▸ Assignment: Copy from the first line below down to and including the line with "Segelboote, die im". Skip the pictures.
==== Given records ====
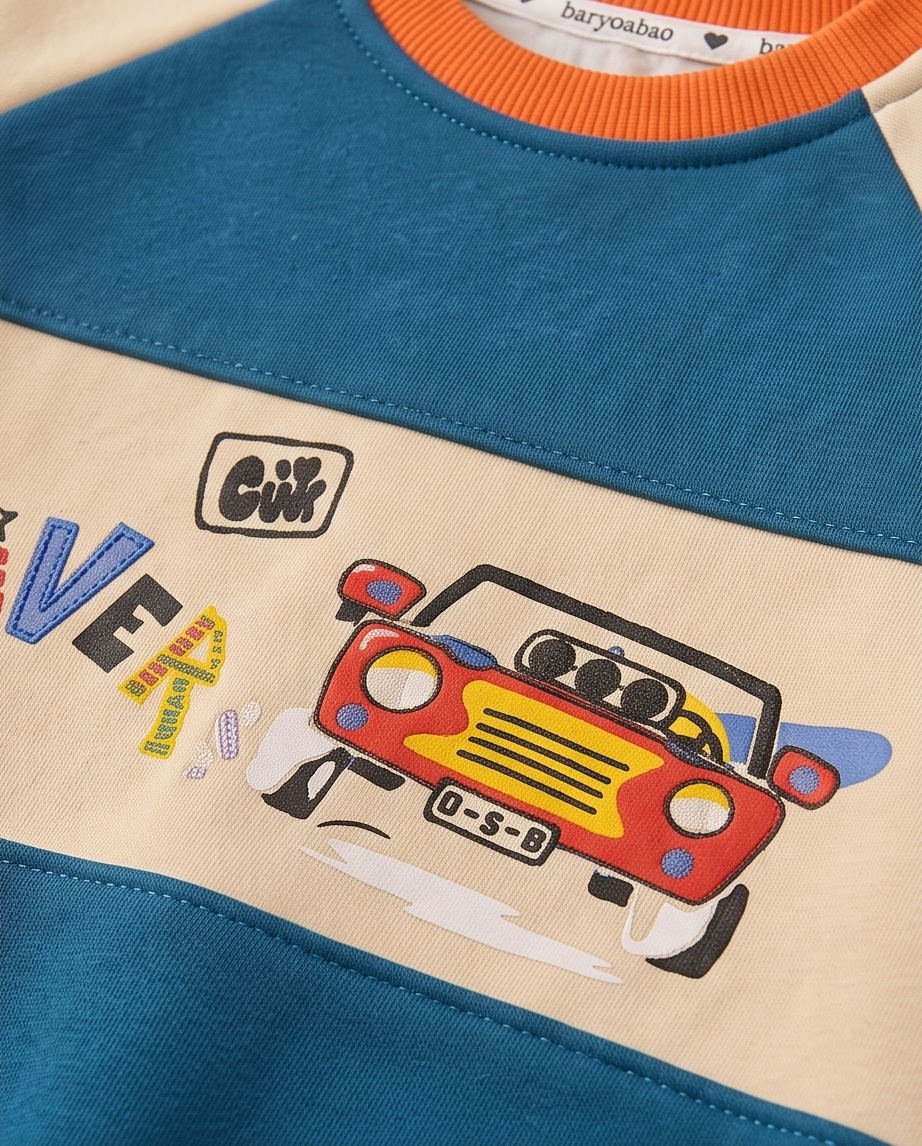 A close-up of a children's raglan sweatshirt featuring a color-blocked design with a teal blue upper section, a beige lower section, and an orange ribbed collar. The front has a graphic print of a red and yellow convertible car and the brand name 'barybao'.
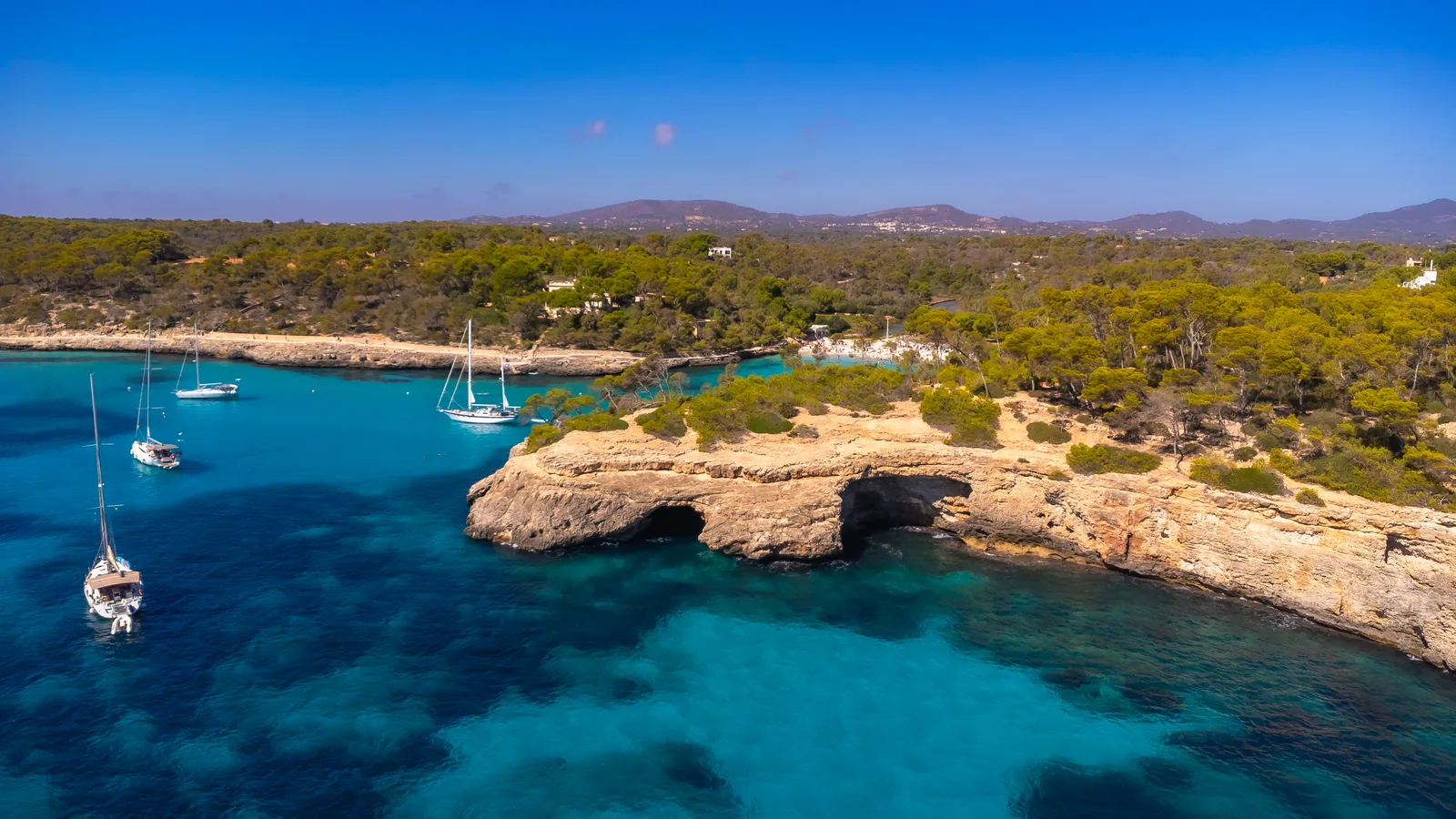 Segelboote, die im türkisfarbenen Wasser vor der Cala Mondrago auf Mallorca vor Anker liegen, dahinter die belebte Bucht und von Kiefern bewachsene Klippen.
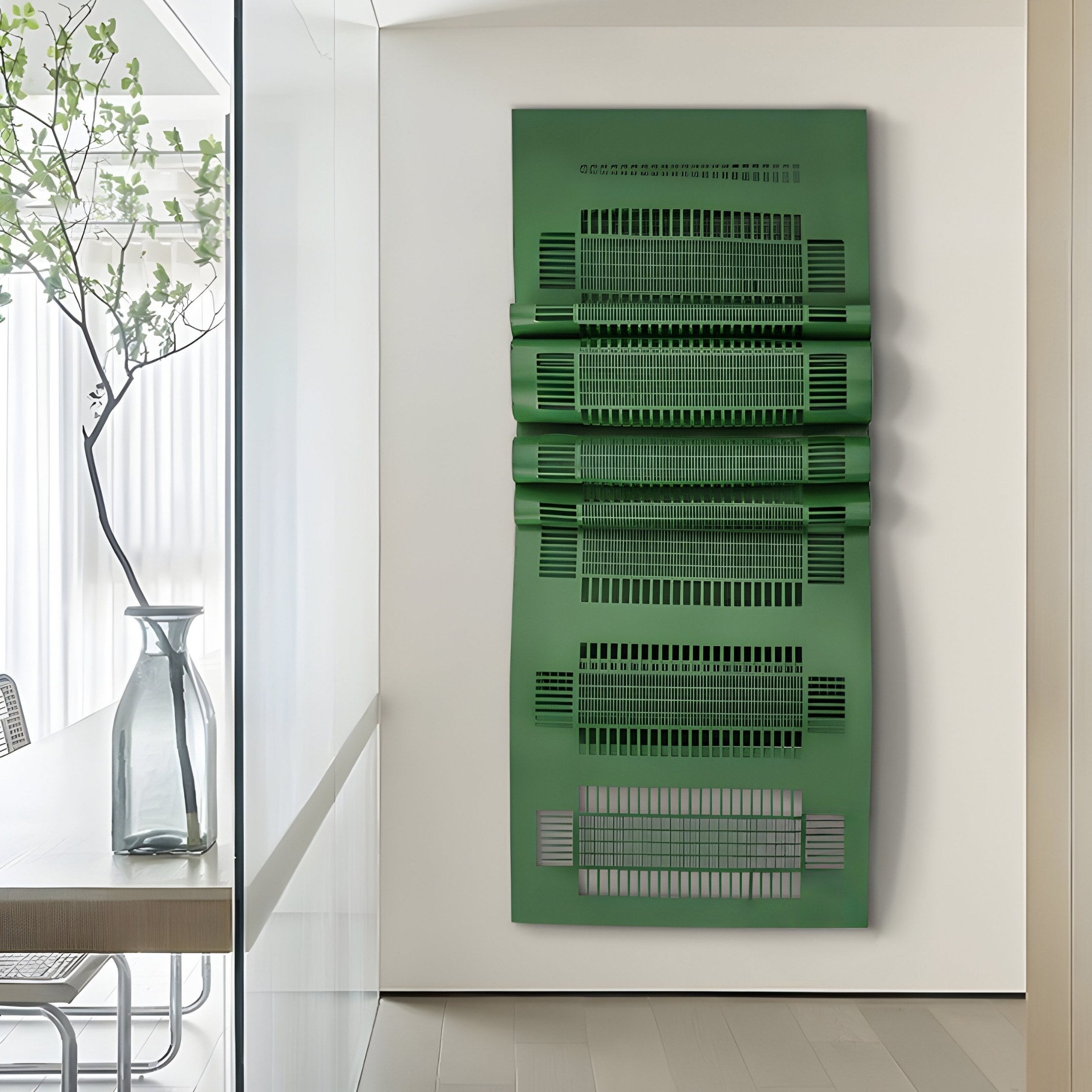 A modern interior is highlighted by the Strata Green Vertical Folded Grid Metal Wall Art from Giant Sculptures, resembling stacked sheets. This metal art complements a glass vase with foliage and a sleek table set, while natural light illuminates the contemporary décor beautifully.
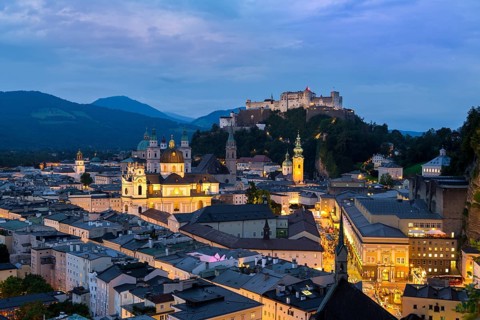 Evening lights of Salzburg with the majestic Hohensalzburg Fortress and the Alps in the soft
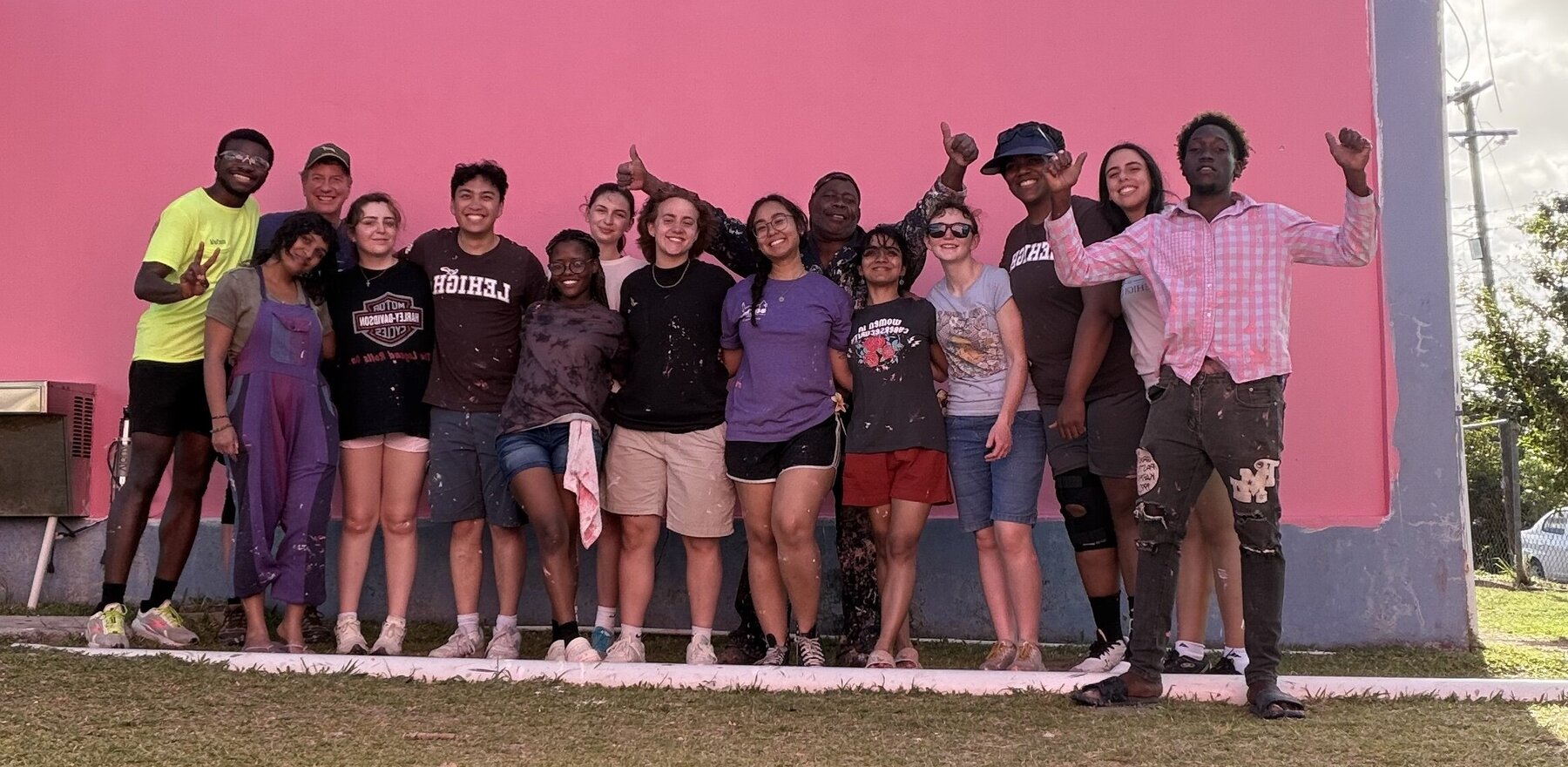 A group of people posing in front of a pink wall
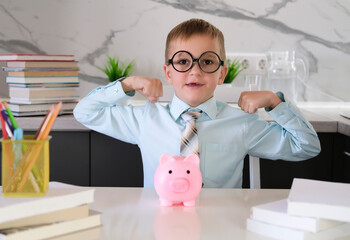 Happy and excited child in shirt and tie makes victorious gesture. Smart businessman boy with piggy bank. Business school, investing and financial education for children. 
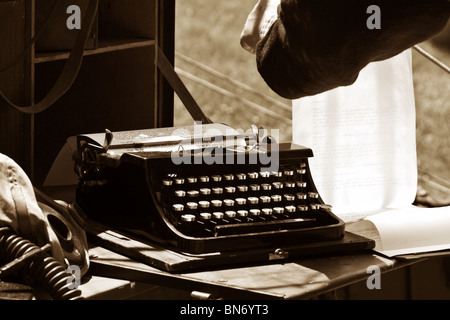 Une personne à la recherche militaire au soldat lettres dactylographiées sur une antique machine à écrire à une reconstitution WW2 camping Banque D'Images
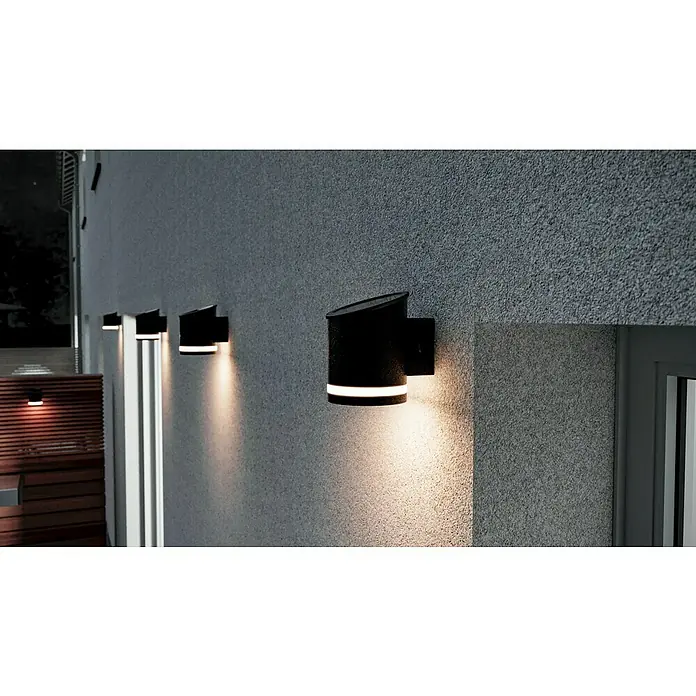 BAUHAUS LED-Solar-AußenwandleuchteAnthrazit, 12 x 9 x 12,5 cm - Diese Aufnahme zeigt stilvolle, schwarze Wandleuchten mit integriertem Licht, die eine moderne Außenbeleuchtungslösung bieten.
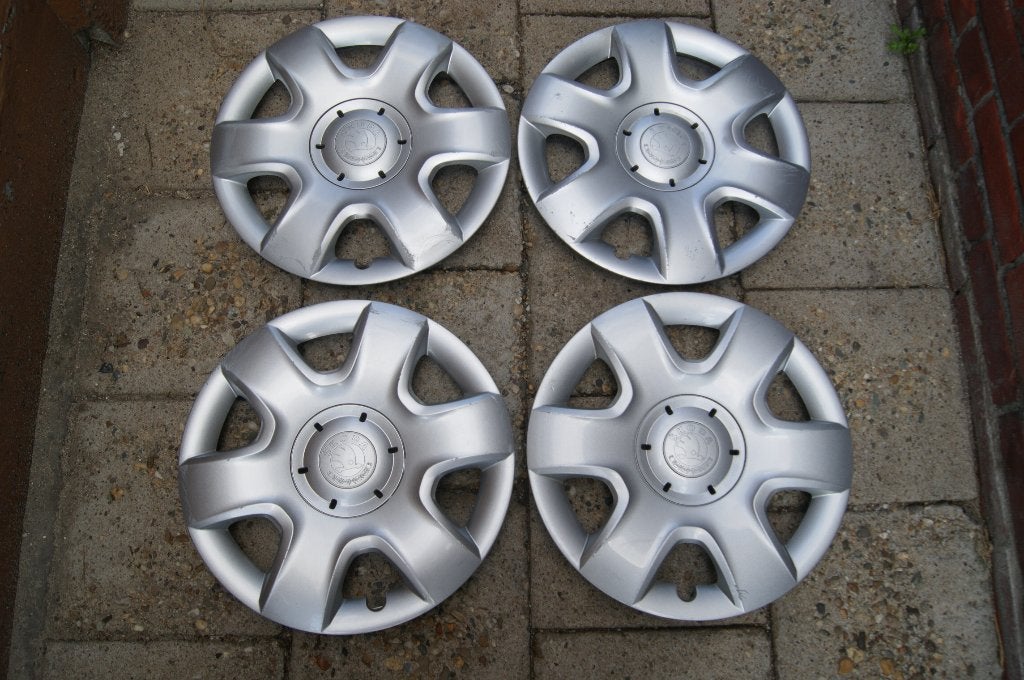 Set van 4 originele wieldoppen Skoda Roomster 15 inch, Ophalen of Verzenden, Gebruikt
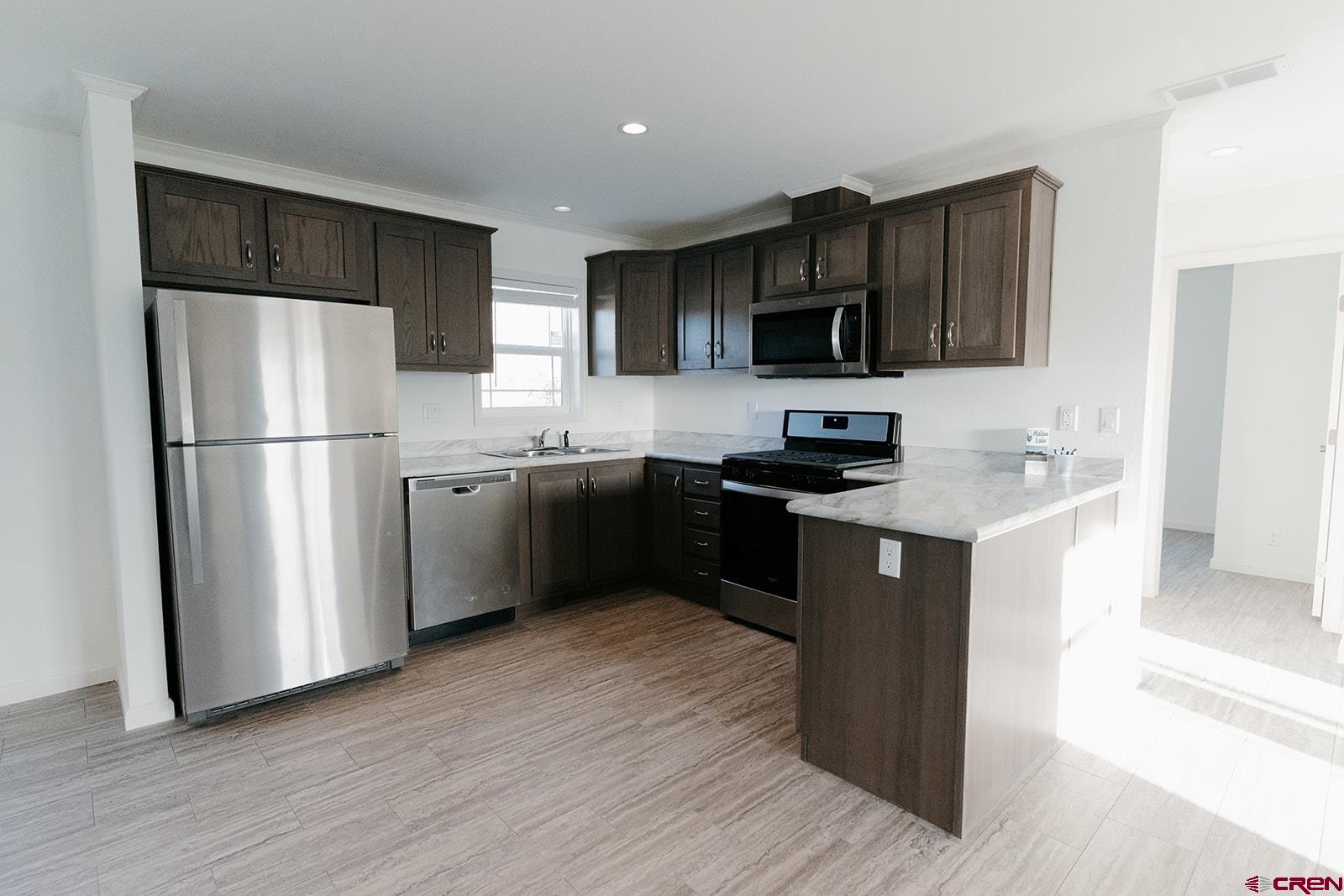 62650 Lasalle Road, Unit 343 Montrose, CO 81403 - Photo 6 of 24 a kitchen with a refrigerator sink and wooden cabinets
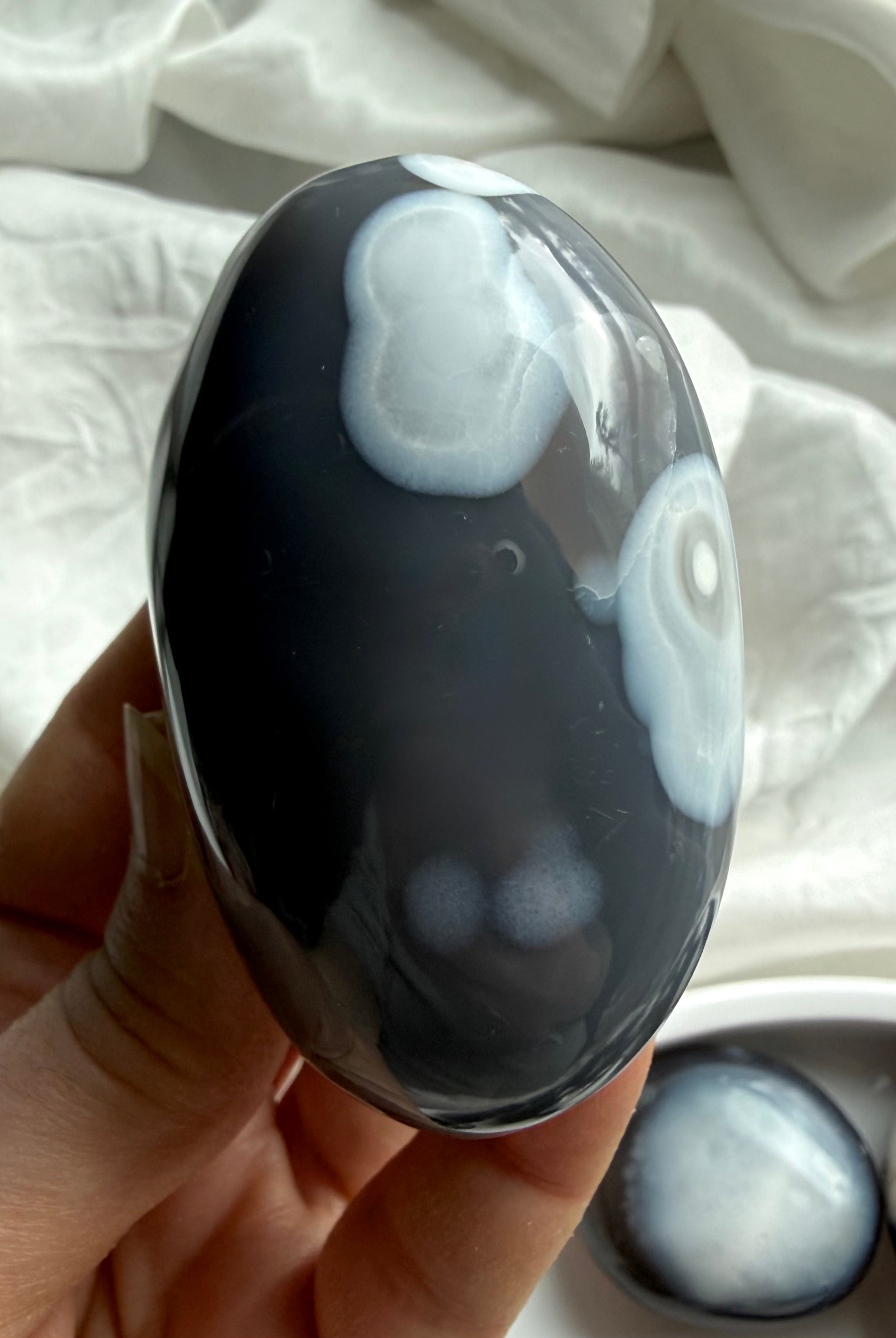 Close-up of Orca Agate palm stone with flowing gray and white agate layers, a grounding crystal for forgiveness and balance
====
▸ Answer for this exercise:
 A close-up of a children's raglan sweatshirt featuring a color-blocked design with a teal blue upper section, a beige lower section, and an orange ribbed collar. The front has a graphic print of a red and yellow convertible car and the brand name 'barybao'.
 Segelboote, die im türkisfarbenen Wasser vor der Cala Mondrago auf Mallorca vor Anker liegen, dahinter die belebte Bucht und von Kiefern bewachsene Klippen.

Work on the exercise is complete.